The recording angels depicted here are shown with wings. Winged figures in a cemetery are instantly recognize as an angel–a messenger of God. However, Christian art did not depict angels with wings until the fourth century. Before then, angels were represented in several different forms–sometimes in human form, but also represented as a dove, or even just as a hand reaching down to Earth from the Heavens. Beginning with the reign of Constantine, angels began being depicted with wings, as we commonly portray them today. “Based on the winged Greco-Roman Nike or Victory, their form thus embodied Christianity’s promised triumph over death. Medieval and Renaissance tombs often featured angels that attended images of the deceased.”
This recording angel, carved out of white marble, has an open book resting on his knee and a quill in his hand. The angel is youthful, dressed in a short, knee-length tunic. These depictions are reminiscent of “boyish winged figures that appeared on ancient Roman sarcophagi and are considered another possible source for Christian angels.”
The angel is clearly poised to write in the book. Here the angel is registering the name of the deceased into the Book of Life.
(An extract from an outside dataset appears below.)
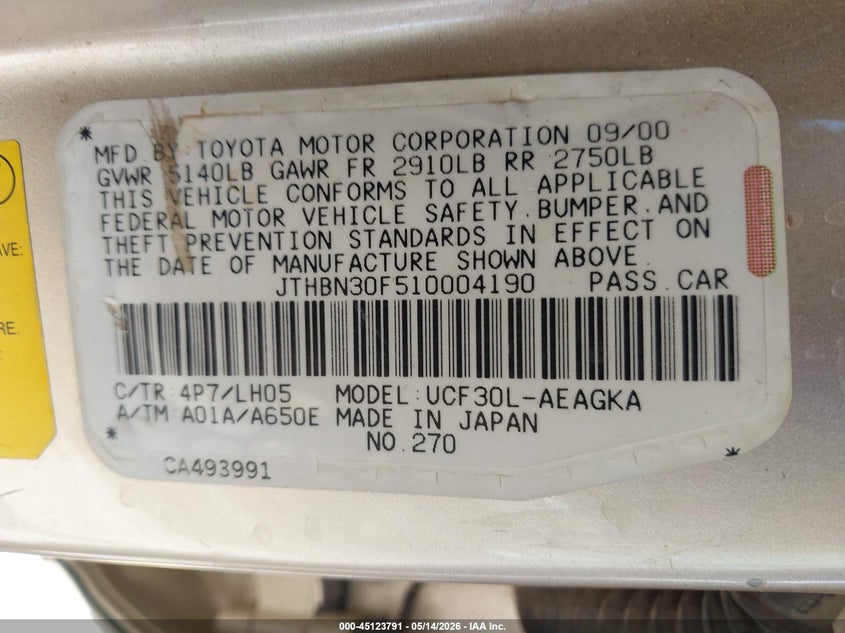 2001 Lexus Ls 430 VIN: JTHBN30F510004190 Lot: 45123791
In Judaism and Christianity, the names of the righteous were recorded in the Book of Life; they were assured entry into Heaven.
The Book is referenced many times in the Bible (King James Version), including Revelation, Chapter 20,
Verse 12: “And I saw the dead, small and great, stand before God: and the books were opened: and another book was opened, which is the book of life: and the dead were judged out of those things which were written in the books, according to their works.”
Verse 13: “And the sea gave up the dead which were in it; and death and hell delivered up the dead which were in them: and they were judged every man according to their works.”
Verse 14: “And death and hell were cast into the lake of fire. This is the second death.”
Verse 15: “And whosoever was not found written in the book of life was cast into the lake of fire.”
Not all of the recording angels are depicted writing names into books. The angel in the bas-relief from the Cave Hill Cemetery at Louisville, Kentucky, is writing the name onto a shield.
And in some cases, the recording angel is depicted as a cherub.